Our Editorial Policy
The intention of our blog is to provide a space for questions, comments and discussion on the path of awakening, as well as issues relevant to our spiritual journey in 21st century life. It’s a place for open-minded inquiry and discussion in an environment of mutual respect, tolerance, and empathy.
Point of View
As explained in Dzogchen Ponlop Rinpoche’s book of the same name, “rebel buddha” is the active, awakened intelligence of each and every person’s mind. It is the quality of awareness within us as individuals that breaks through thoughts, emotions, and fears that keep us trapped in unhappiness and suffering. Rebel buddha is that part of us that resists a life of illusion and seeks our own inner truth. Understanding our own mind also helps us to help others, to work with the confusion, conflict, and injustices that are widespread in our world.

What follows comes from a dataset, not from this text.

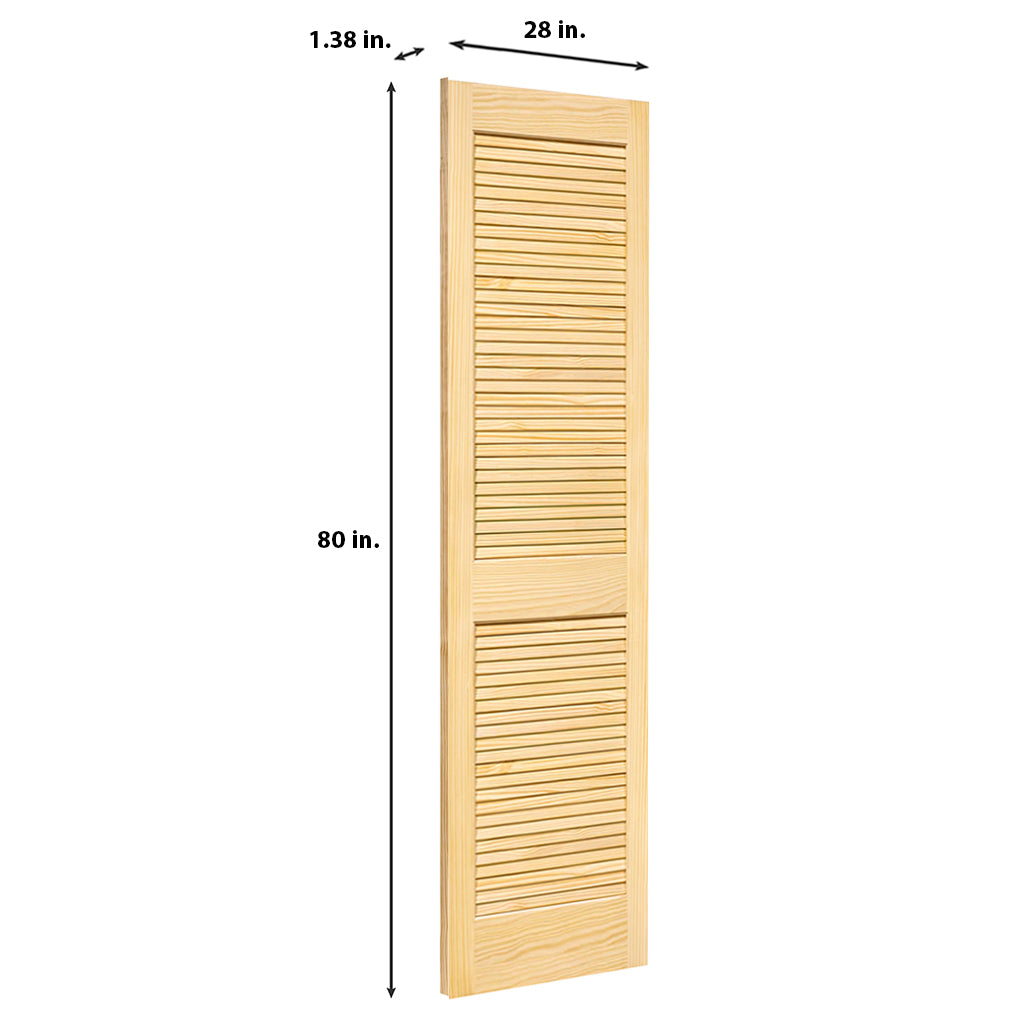 Traditional Louver Louver Solid Pine Unfinished Interior Door Slab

When we are in touch with our own discriminating intelligence and listening to its voice, we join our intention with the power of our awakened mind. We become able to use this power wisely. Instead of perpetually fighting with others, and ourselves, we learn to pacify aggression within and without, through knowledge, understanding, and compassion.
Commenting: I’m right, therefore you’re wrong.
As we share and exchange ideas through blog posts and comments, the back-and-forth discussion can open up communications or shut it down, as most of us know. So what do we do in our discussions when conflict arises because we have different opinions? We can usually see what divides us more clearly than what connects us. But unless we stop to look at both, we’re unlikely to get past partisan sound bites (which can lead to name-calling, blaming, and self-righteousness). To hold onto our intelligence and good humor, we hold the intention to oppose any tendencies we may have toward incivility, unkindness, and harmful speech. It often takes more courage to say something positive—to give voice to our generosity, to act with a sense of discipline and patience—but these are the very qualities and conduct taught by the Buddha (and other spiritual teachers) to be powerful means for restoring balance, peace, and harmony within and without.
Comments and Moderation
The editors of this blog are not “censors” of views, and that is not our intention. But it is our responsibility, right, and intention to publish only comments that foster sincere and constructive discussion. This means that we will not publish blog comments that are intended to (or would in effect) cause harm to any individual or group. This Web site is not a platform for political agitation or for spreading gossip. It’s not a place to push an agenda, dominate a conversation, or win an argument. What does this mean specifically?
We will not publish posts or comments that:
- spread or invite gossip
- abuse, harass, stalk, or threaten others
- are libelous or knowingly false
- call out individuals or communities by name in a way that encourage ad hominem attacks on them
- promote personal or political campaigns
- violate an obligation of confidentiality
- violate the privacy of others
- intentionally or unwittingly do harm
Our definitions of unacceptable content are not limited to this list. We reserve the right to delete any comment we deem offensive, inaccurate, or misleading.
It’s a family gathering.
An online community is a family of sorts, where there will always be different points of view, and it’s certainly fine to be passionate about those points of view. As Dzogchen Ponlop Rinpoche says, it is just this meeting of differences that can light up our intelligence and lead to new insights:
“Family gatherings are full of sparks—from those at your house to those played out on the national stage and documented by CNN and Entertainment Weekly. But when the sparks from this rubbing together of opposites ignite in an atmosphere of openness, it makes all the difference. Then, instead of pure friction, we get a lively dance that generates a very creative energy.”